» EXERCISE INPUT:
____________
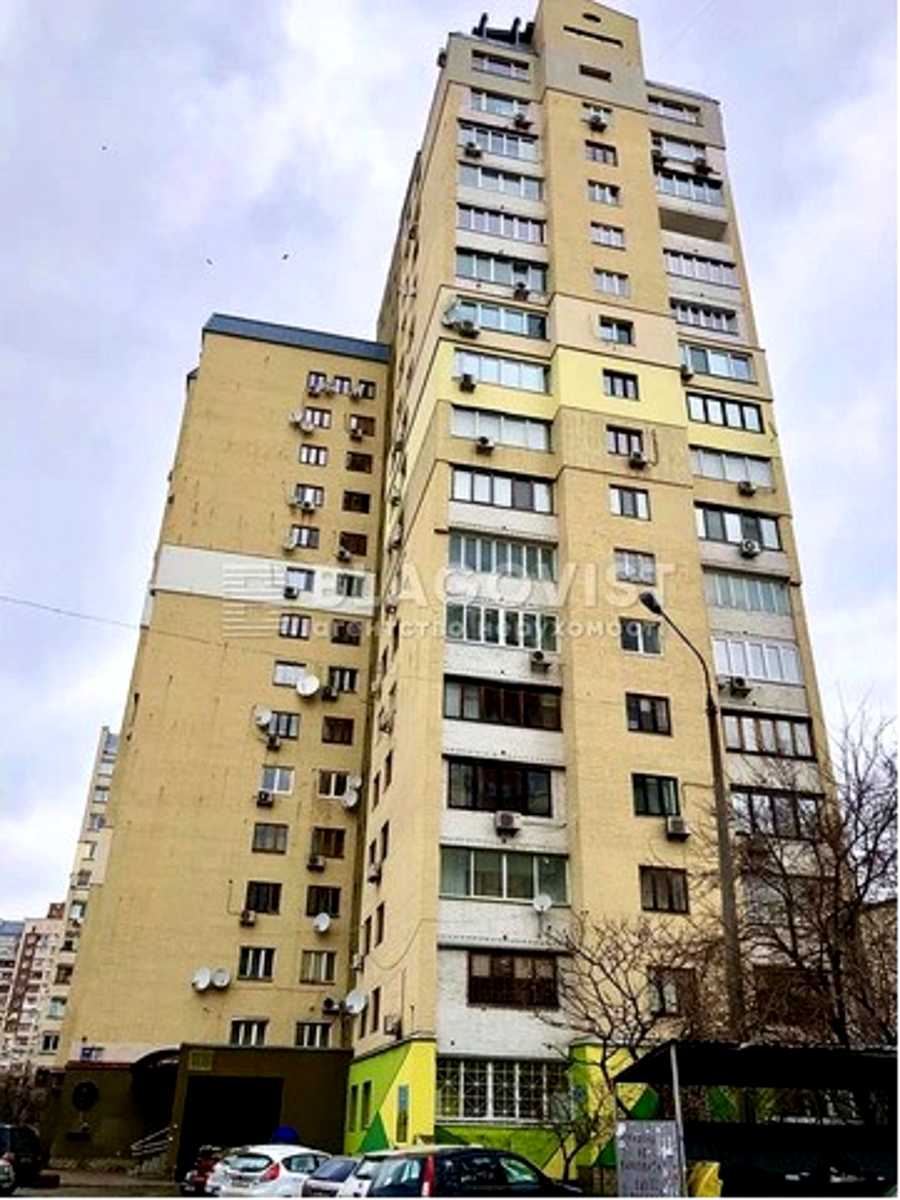 1861454739826608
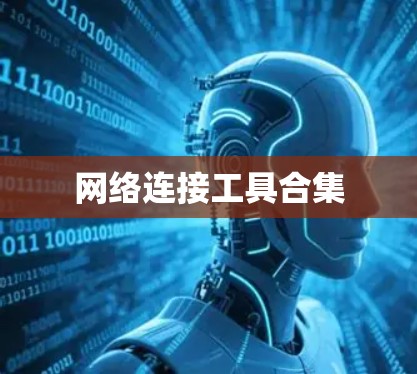 网络连接工具合集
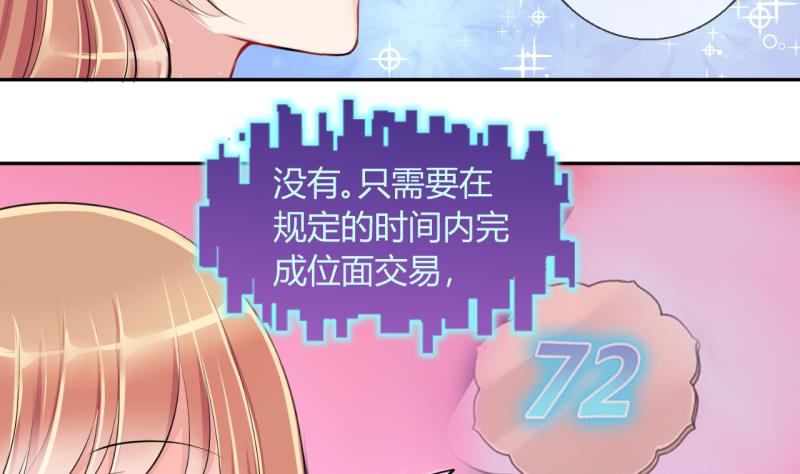 第15话 违规！负分=抹杀！3-第15话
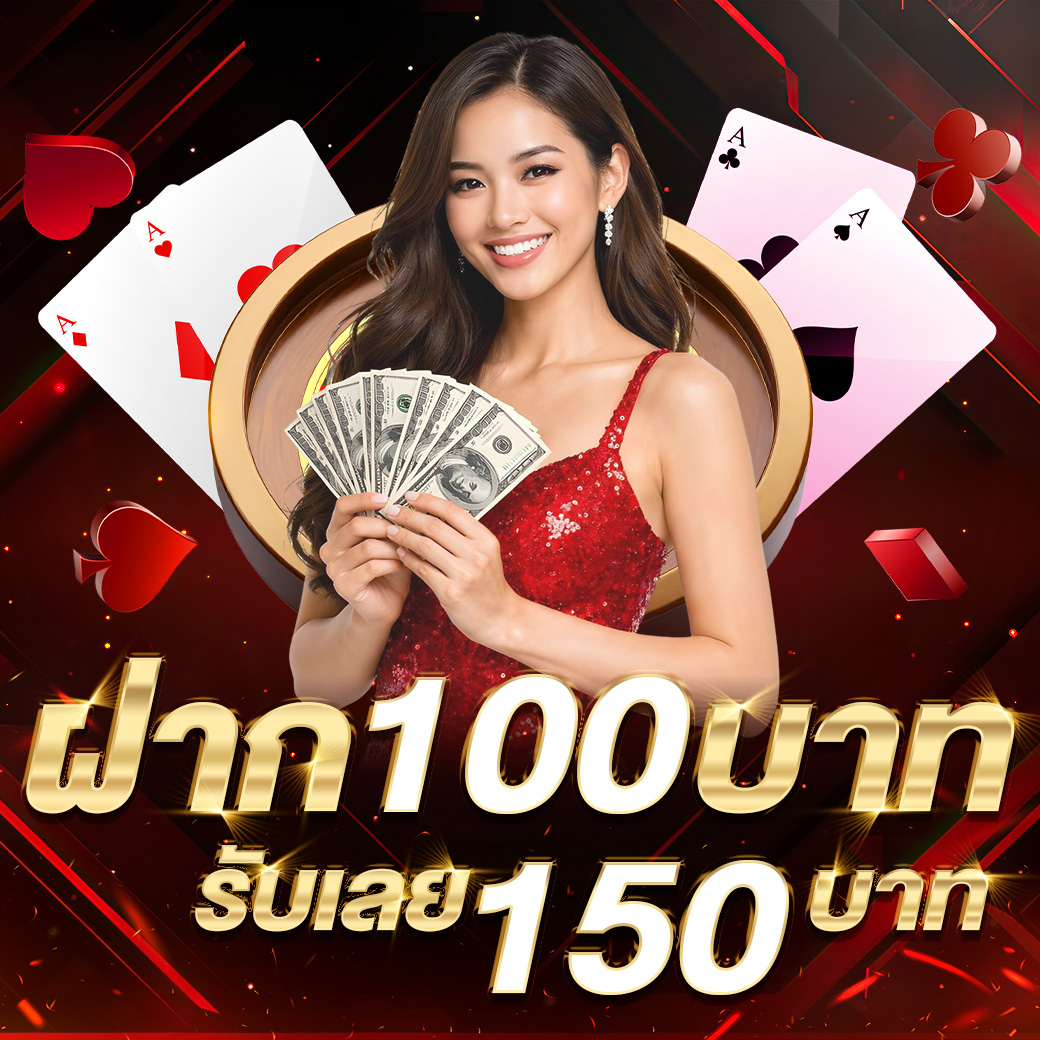 สมาชิกใหม่ ฝาก 100 บาท รับ 150 บาท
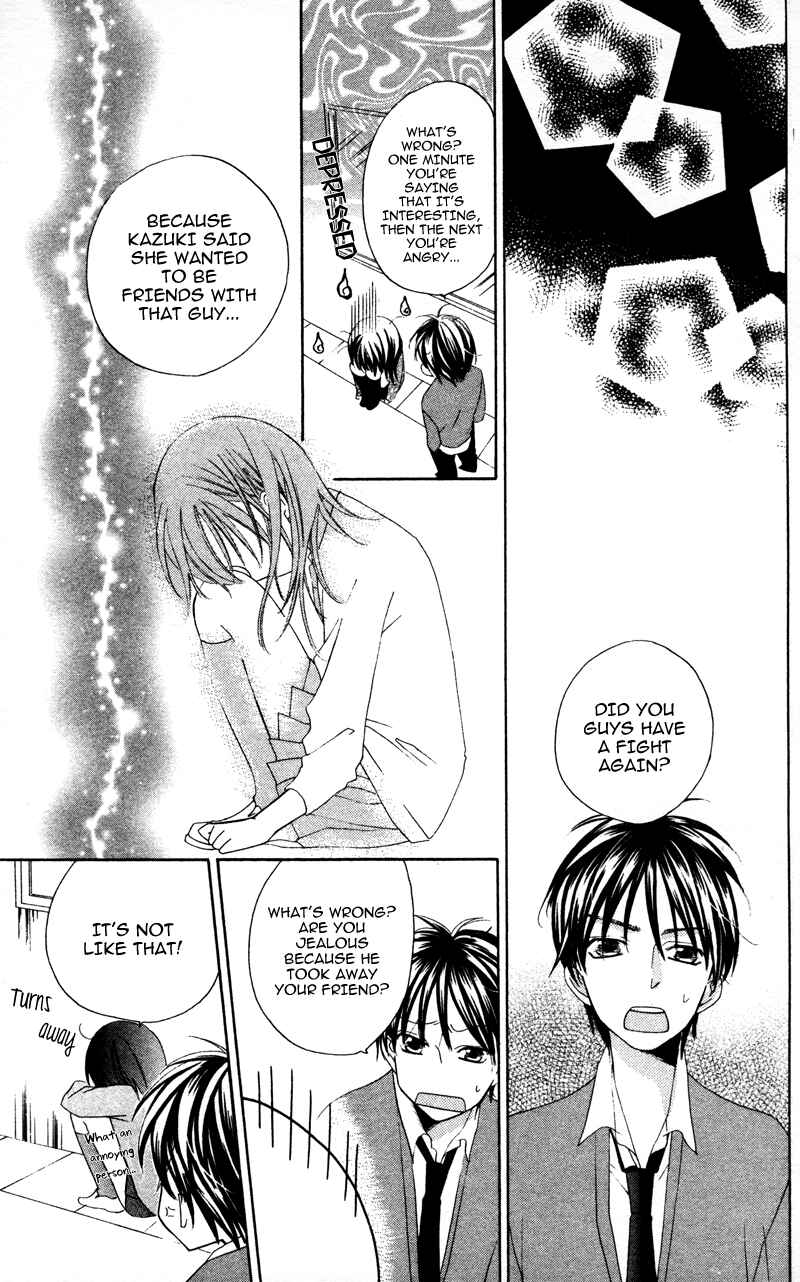 Page 23 Chapter 7 Yuujou Survival!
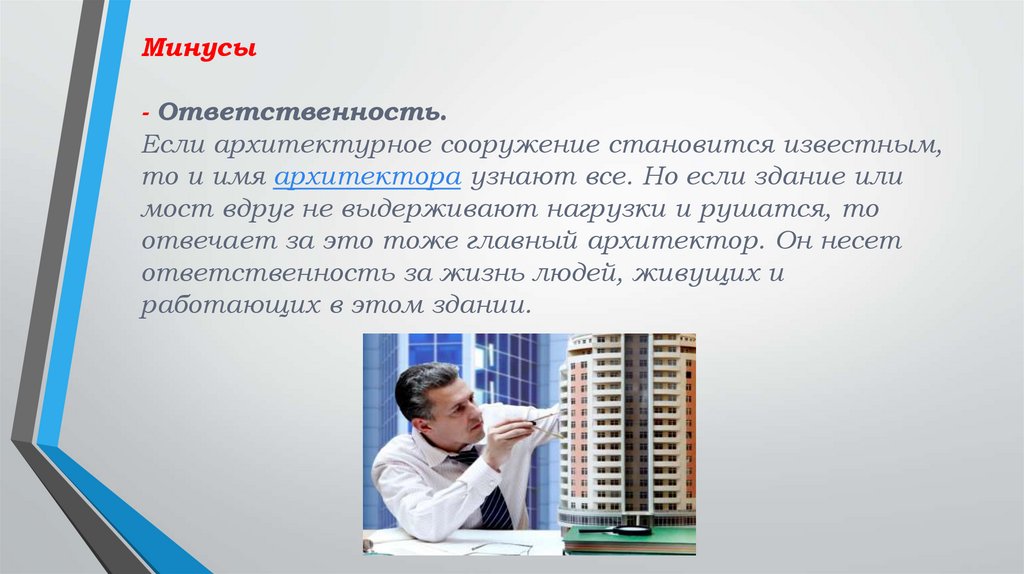 Что лежит в основе деятельности архитектора. плюсы и минусы работы архитектором. требования к профессии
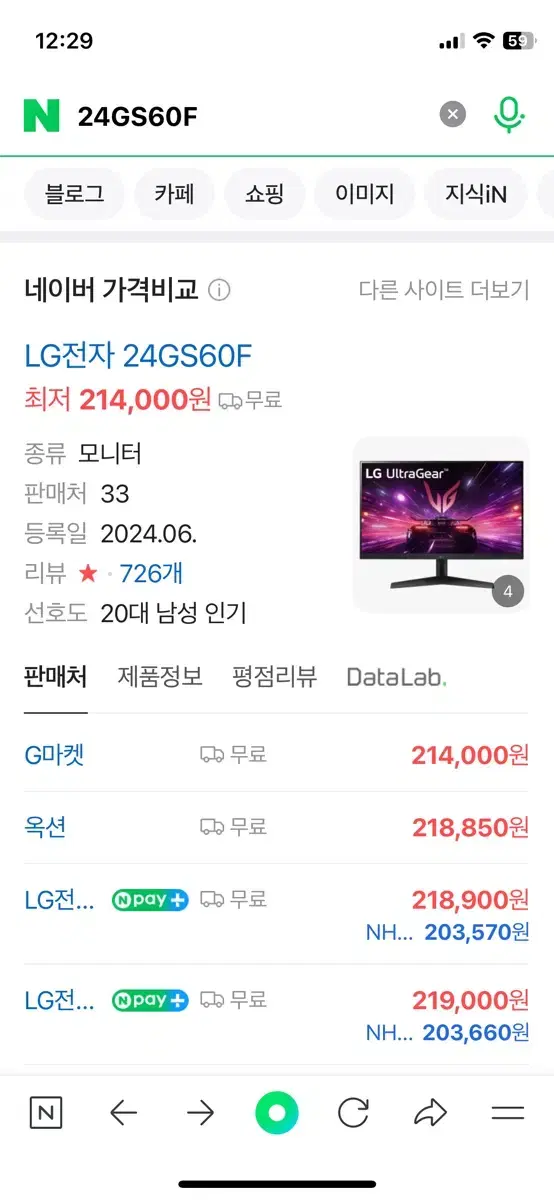 24인치 엘지(LG) 게이밍모니터 팝니다.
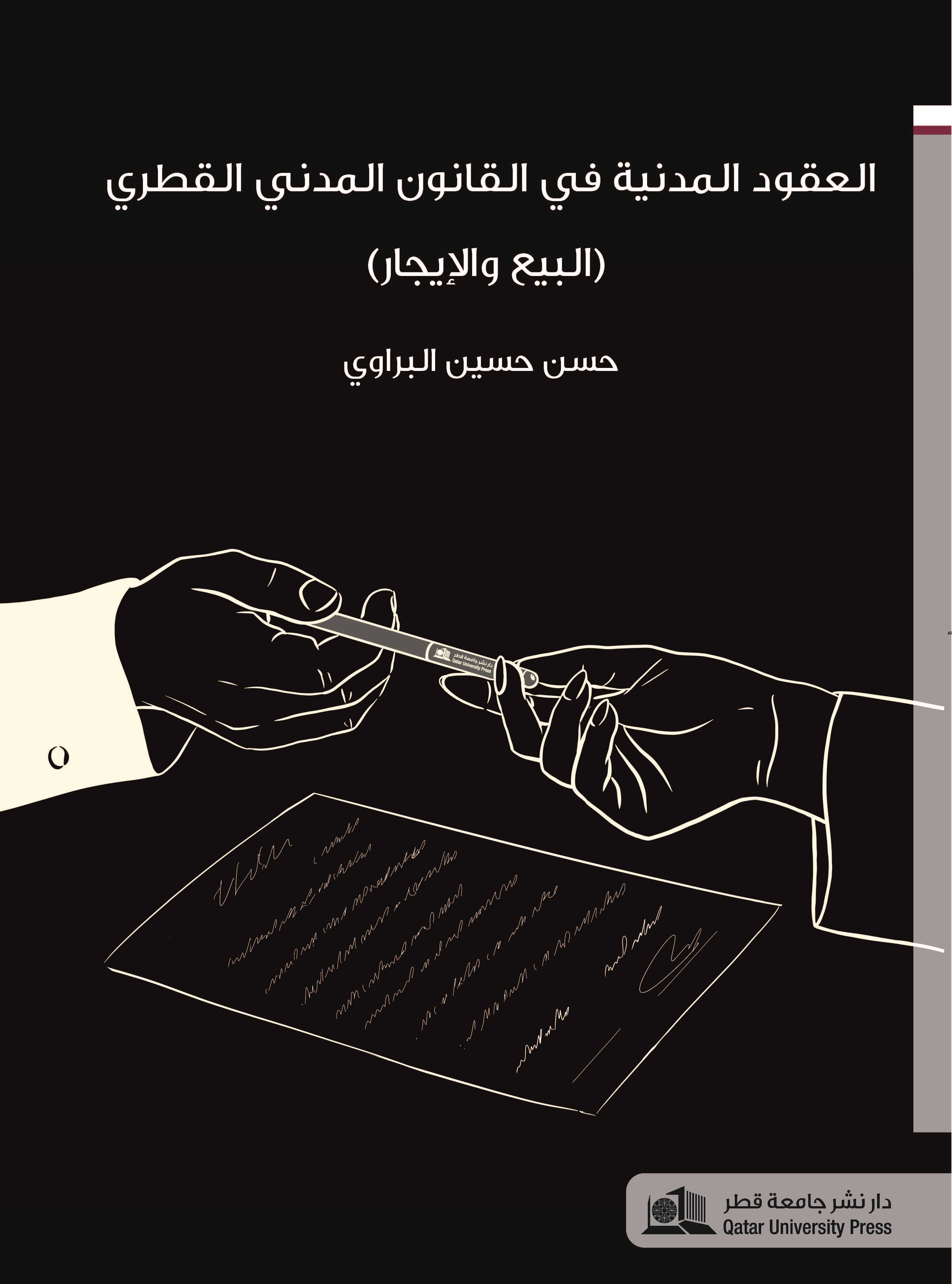 العقود المدنية في القانون المدني القطري (البيع والإيجار)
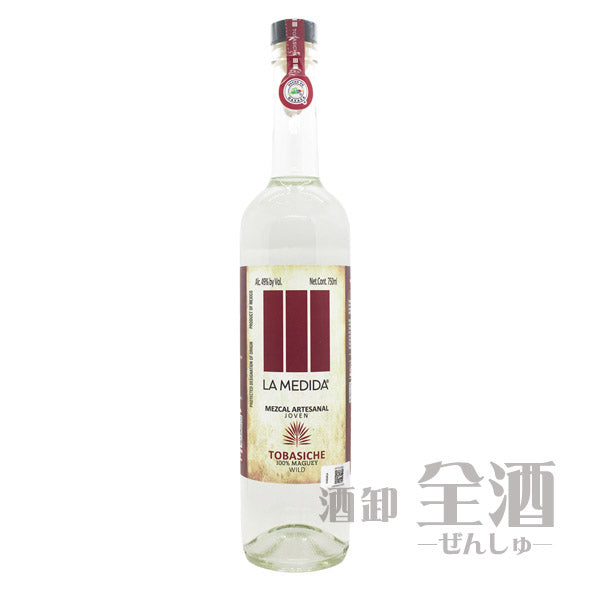 ラ メディダ トバシーチェ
____________
» EXERCISE REQUIREMENTS:
Print, exactly and without pictures, the lines from the one holding "Page 23 Chapter 7 Yuujou Survival!" through the last line of the entries above, both included.

» SOLUTION FOR THIS PROBLEM:
 Page 23 Chapter 7 Yuujou Survival!
 Что лежит в основе деятельности архитектора. плюсы и минусы работы архитектором. требования к профессии
 24인치 엘지(LG) 게이밍모니터 팝니다.
 العقود المدنية في القانون المدني القطري (البيع والإيجار)
 ラ メディダ トバシーチェ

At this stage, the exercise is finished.